FrameworkInfo Class

The following API can be used to pass MCT framework-related information to use when optimizing the network

class model_compression_toolkit.core.FrameworkInfo(activation_quantizer_mapping, kernel_channels_mapping, activation_min_max_mapping, layer_min_max_mapping, kernel_ops_attributes_mapping, out_channel_axis_mapping)

A class to wrap all information about a specific framework the library needs to quantize a model. Specifically, FrameworkInfo holds lists of layers by how they should be quantized, and multiple mappings such as layer to it kernel channels indices, and a layer to its min/max values, etc. The layers lists are divided into three groups: kernel_ops: Layers that have coefficients and need to get quantized (e.g., Conv2D, Dense, etc.) activation_ops: Layers that their outputs should get quantized (e.g., Add, ReLU, etc.) no_quantization_ops:Layers that should not get quantized (e.g., Reshape, Transpose, etc.)

Parameters:
  • activation_quantizer_mapping (Dict[QuantizationMethod, Callable]) – A dictionary mapping from QuantizationMethod to a quantization function.

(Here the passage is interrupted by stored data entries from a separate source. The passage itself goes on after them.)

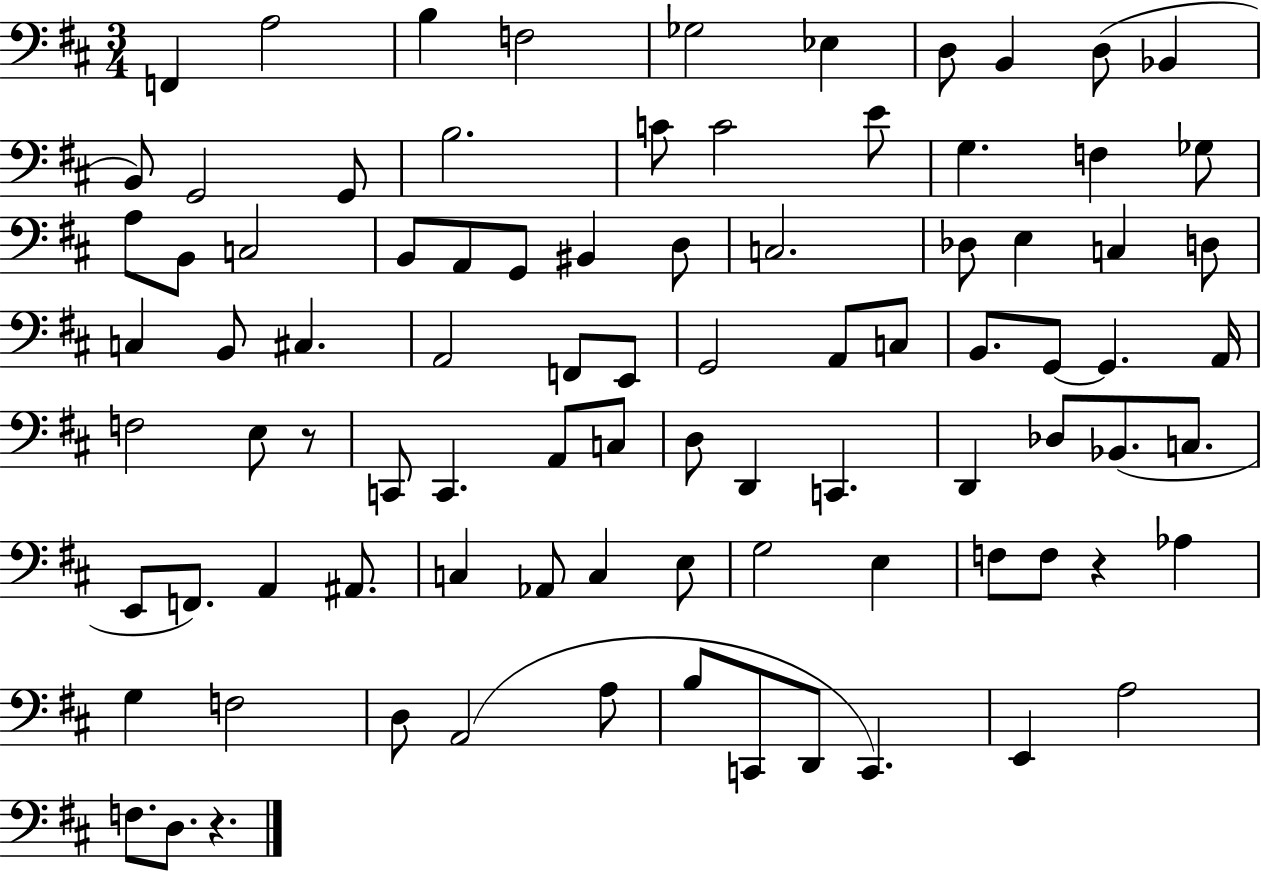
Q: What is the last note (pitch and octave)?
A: D3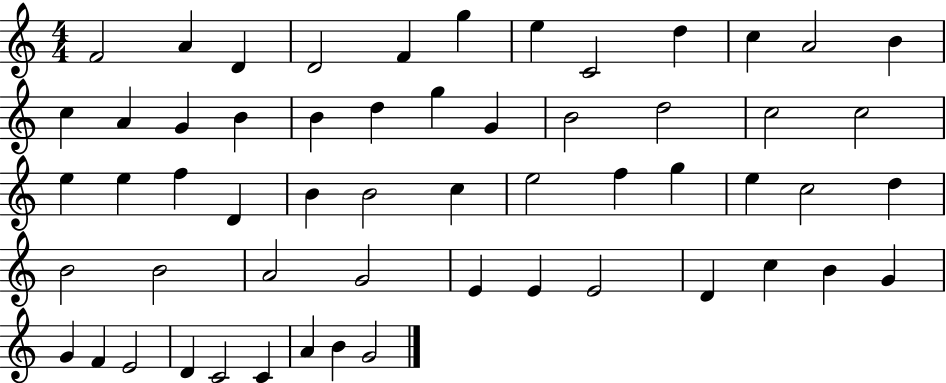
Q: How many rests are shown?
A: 0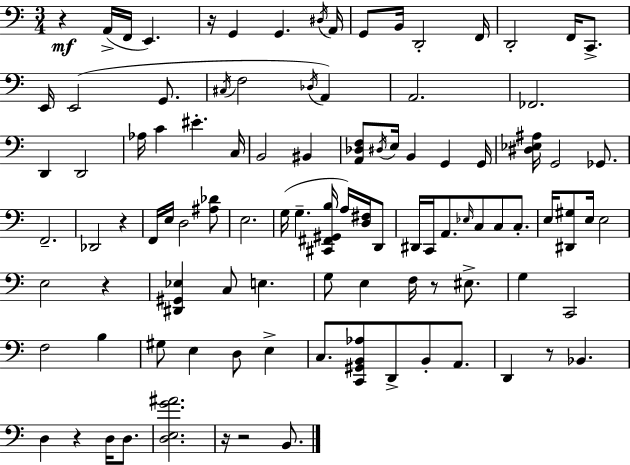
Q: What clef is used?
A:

  • kernel_channels_mapping (DefaultDict) – Dictionary from a layer to a tuple of its kernel in/out channels indices.

  • activation_min_max_mapping (Dict[str, tuple]) – Dictionary from an activation function to its min/max output values.

  • layer_min_max_mapping (Dict[Any, tuple]) – Dictionary from a layer to its min/max output values.

  • kernel_ops_attributes_mapping (DefaultDict) – Dictionary from a framework operator to a list of its weights attirbutes to quantize.

  • out_channel_axis_mapping (DefaultDict) – Dictionary of output channels of the model’s layers (for computing statistics per-channel).

Examples

When quantizing a Keras model, if we want to quantize the kernels of Conv2D layers only, we can set, and we know it’s kernel out/in channel indices are (3, 2) respectivly:

>>> import tensorflow as tf
>>> kernel_ops = [tf.keras.layers.Conv2D]
>>> kernel_channels_mapping = DefaultDict({tf.keras.layers.Conv2D: (3,2)})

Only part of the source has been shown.